Par 428 voix contre 218, le Parlement européen a approuvé, le 16 décembre, le projet de loi Omnibus 1, un affaiblissement des règles en matière de durabilité et de devoir de vigilance pour les entreprises européennes. Ces règles rendent les entreprises responsables des abus des droits humains et des dommages climatiques partout où elles ont des activités dans le monde, y compris en Afrique.
« Nous sommes vraiment choqués et profondément déçus de ce qui s’est passé. L’Union européenne a clairement cédé aux intérêts des grandes entreprises.
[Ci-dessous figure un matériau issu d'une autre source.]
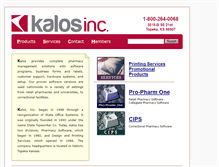 Tablet Screenshot of kalos-inc.com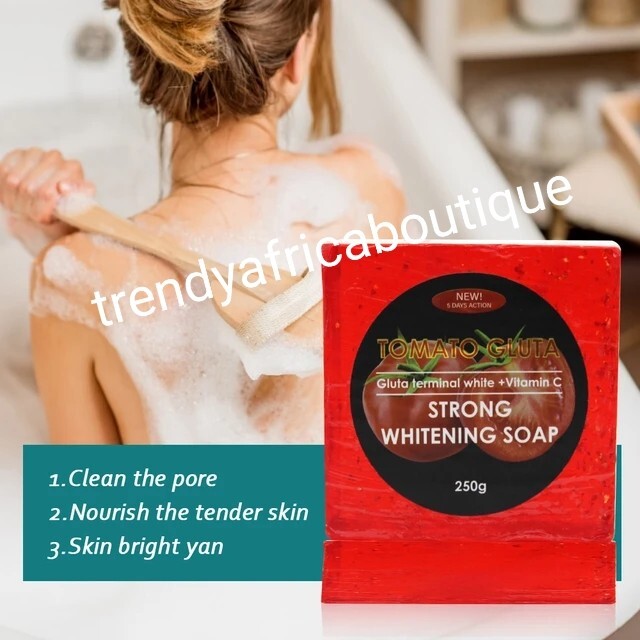Tomato Glutathion Strong Whitening Soap 5 Vit.c & Collagen 250g X 1👌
C’est extrêmement choquant de voir cela, alors même qu’elle prétend être engagée en faveur des droits humains et du Pacte vert. C’est un scandale majeur », souligne Juliane Kippenberg, directrice adjointe pour les droits de l’enfant, l’exploitation minière, la responsabilité des entreprises et l’environnement à Human Rights Watch.
Le lobbying des multinationales au cœur de la réforme
Des enquêtes ont en effet mis en lumière l’influence déterminante exercée par le lobbying de grandes entreprises européennes et américaines, en particulier celles issues du secteur des énergies fossiles, sur les propositions intégrées au texte final. Parmi les groupes cités figurent notamment TotalEnergies, JPMorgan Chase ou encore Dow Chemical.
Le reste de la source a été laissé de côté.